During the heat treatment of the grains of this abrasive at a temperature of approx. 1100 ° G, oxidation of the titanium carbide and nitride present in the abrasive takes place, which is accompanied by a change in their volume, as a result the strength of the abrasive grains decreases. Abrasives obtained with the addition of chromium oxide contain chromium inclusions in metal form, which deteriorate the grinding properties of the tools made from these abrasives, i.e. increase the likelihood of traces of fire occurring during metal processing (grinding). Vanadium was practically not used as an additive in abrasives due to its scarcity and high price,

An abrasive is known which contains corundum crystals and baddeleyite crystals (zirconium oxide). In this material, the corundum crystals with a size of 10 to 70 micrometers are connected to each other by a fine crystalline corundum baddeleyite eutectic with a crystal size of 1 to 5 micrometers (AP Garshin and others, “Abrazivnye materialy”, 1983, Mashinostroenie (Leningrad), Pp. 126 to 131).

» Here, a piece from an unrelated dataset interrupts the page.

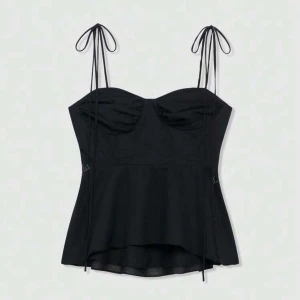 Svart topp med knytband - Supersnygg svart korsettopp från shein med tunna axelband som knyts upptill.  Den är identiskt till den som Zara har. Den är figurnära upptill och faller snyggt nedtill. Perfekt för dig som gillar trendiga detaljer och stilren look. Den är storlek M, men var tyvärr för liten för mig💗så skulle mer säga att den är en xs-s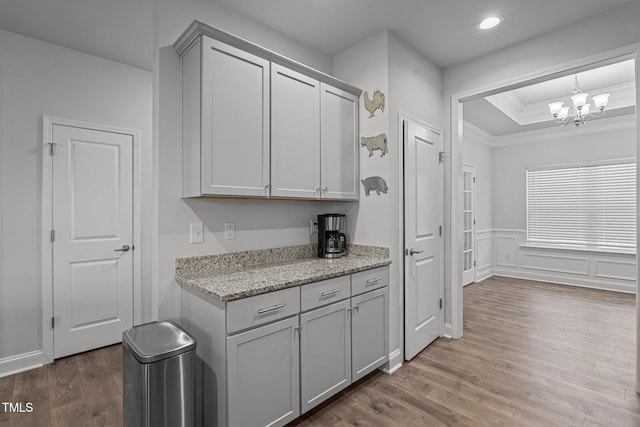 kitchen with a tray ceiling, ornamental molding, wood finished floors, a chandelier, and recessed lighting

The strength of the abrasive grains obtained from such an abrasive is greater than in the previous analog solutions, which is primarily due to the presence of the Corundum-Badde-leyit eutectic.

However, since the hardness of baddeleyite is less than the hardness of corundum, the abrasiveness of the abrasive grains is inadequate.

In addition, the presence of baddeleyite in the abrasive allows the use of this abrasive only for the manufacture of abrasive tools with an organic bond, since at the temperature of 1100 ° C (temperature of the heat treatment during the manufacture of the abrasive tool) the zirconium oxide undergoes modification conversions that result in significant volume changes are accompanied, as a result the strength of the abrasive grains even decreases until they are destroyed. Another disadvantage of this abrasive is its scarcity and high price due to the presence of zirconia in the abrasive.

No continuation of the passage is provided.